22 January 2006

The spam problem part 1: Describing the problem

A great many words have been written on the subject of e-mail spam. Effort has been poured into all kinds of technological measures against it. In my view, many of these efforts have been a waste of time, because they have failed to address the fundamental problem of spam.

To explain my thinking, I’ll start with some basic statements:

  1. Your attention is a valuable resource. If you doubt this, you need only look at the amount of money spent on advertising in an attempt to acquire your attention.

  2. Therefore, your inbox is a valuable resource. Many people, perhaps most people, now check e-mail multiple times a day. In fact, according to some surveys college students spend more time on the Internet than watching TV. They check their e-mail inbox more than they look at ad breaks.

  3. SMTP e-mail allows anyone to send mail. There’s no centralized registration required in SMTP; there’s no control over the growth of the SMTP e-mail network. While some servers restrict which SMTP clients may connect to them, there’s essentially no control over who sends mail, as it’s always possible to open a new web e-mail account, buy a new ISP dial-up account, or whatever.

  4. SMTP e-mail is free for the sender. Sure, many people pay for their Internet access; but once you have an Internet connection, sending e-mail basically doesn’t cost you anything—it has marginal cost.
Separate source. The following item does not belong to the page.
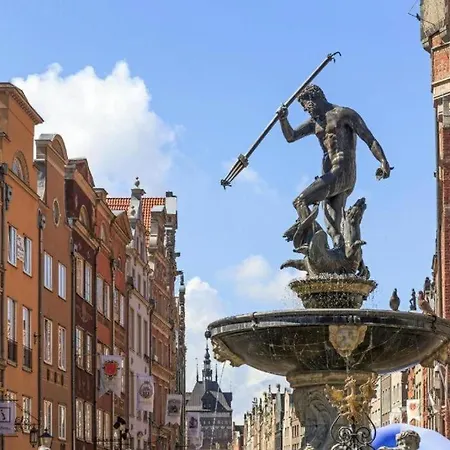 Urbannestgroup & Wal 25/21 * Gdańsk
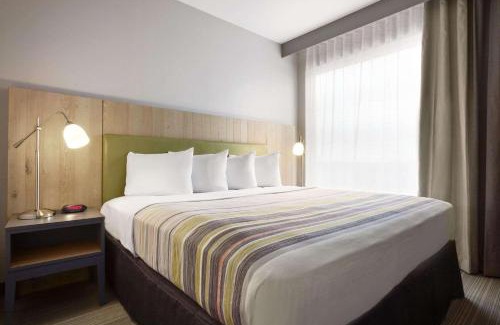 Merrillville Hotel | Country Inn & Suites by Radisson, Merrillville, IN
Now, let me re-cast those four statements:

We have unrestricted access for anyone in the world to use arbitrary amounts of a valuable resource.

Can you think of any case where there has been a system like that, and it has worked? I can’t. The canonical example is the tragedy of the commons, but there are plenty of others, including the Cambridge ‘Green Bike’ scheme and the overfishing of cod.
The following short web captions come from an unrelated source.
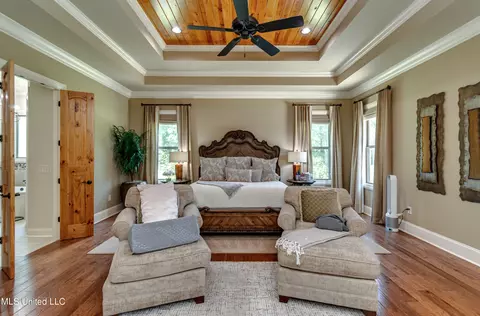 Bedroom - 4050 N Ratliff Rd, Jackson, MS 39209 photo 1 of 5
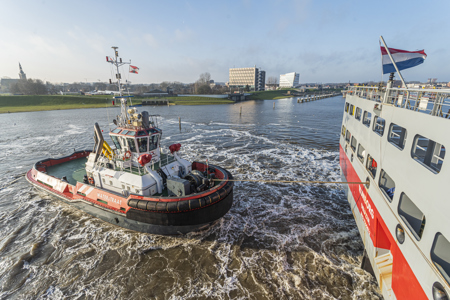 Tug assistance for MV Rijnborg in port of Delfzijl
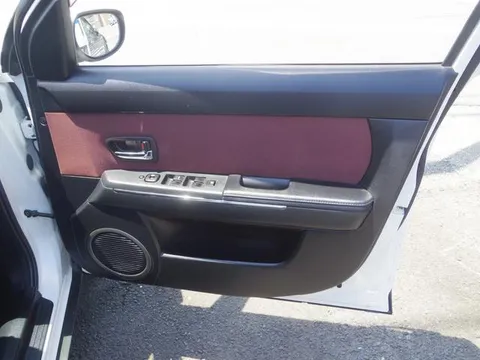 Mazda Verisa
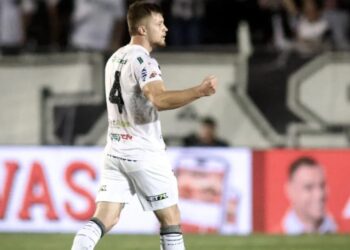 William Machado comemora o gol da vitória do Operário-PR sobre o Santos pela Série B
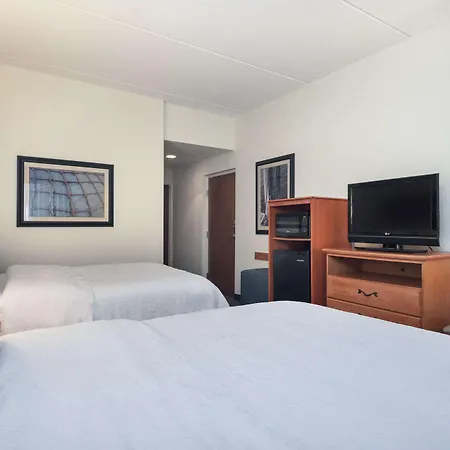 Hampton Inn Morehead City-3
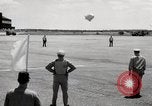 Standbild Landung und masting Luftschiff United States USA, 1957, aus Sekunde 17 historischem Filmmaterial Videoclip 65675029799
In order to avoid a “tragedy of the commons” situation, we need to alter the situation so that one of the statements above is no longer true. Let’s go through them again and consider our options.
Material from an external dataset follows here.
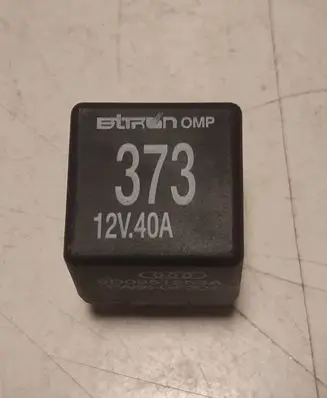 Volkswagen Transporter - Caravelle T4 Other relay 8D0951253A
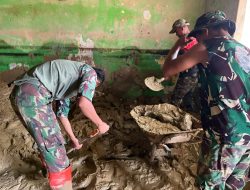 Prajurit Macan Leuser Lanjutkan Aksi Heroik Bersihkan Lumpur Tebal di SDN 04 Kuala Simpang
1&2: “Your attention (inbox) is a valuable resource.”

In the early days of spam, negating these statements was a viable strategy. When people were spammed, they would take action against the source of the spam. Accounts would be closed, web sites shut down, server access tightened, and so on. Basically, significant numbers of people would ensure that getting their attention inappropriately carried extremely negative value for the sender. For a while, this balanced out the positive value of the rest of the Internet-using population.

Unfortunately, that approach quickly fell apart as the Internet audience became more diverse, the volume of spam became greater, and the cost of retaliation increased. The value of getting spam into my inbox is still negative, but for every one of me there are ten drooling imbeciles who want to purchase herbal V1A]<G-R4.

3: “SMTP e-mail allows anyone to send mail.”

This is the statement almost everyone is trying to negate at the moment.

Some methods, like SPF, merely wish to put slight brakes on the system and ensure that only people who can get agreement from someone who owns a domain can set up a new e-mail system. More radical anti-spam activists mutter that if only everyone was required to use S/MIME certificates, we wouldn’t have a problem. Such proposals make it more bothersome to send e-mail, but they don’t actually negate the statement, so ultimately they will prove ineffective.

To be fair, SPF and the like would have one useful purpose, if they worked: they would prevent Joe jobs. That would be a good thing—speaking as someone who has been Joe-jobbed—but it would only impact an infinitesimal fraction of the spam messages out there.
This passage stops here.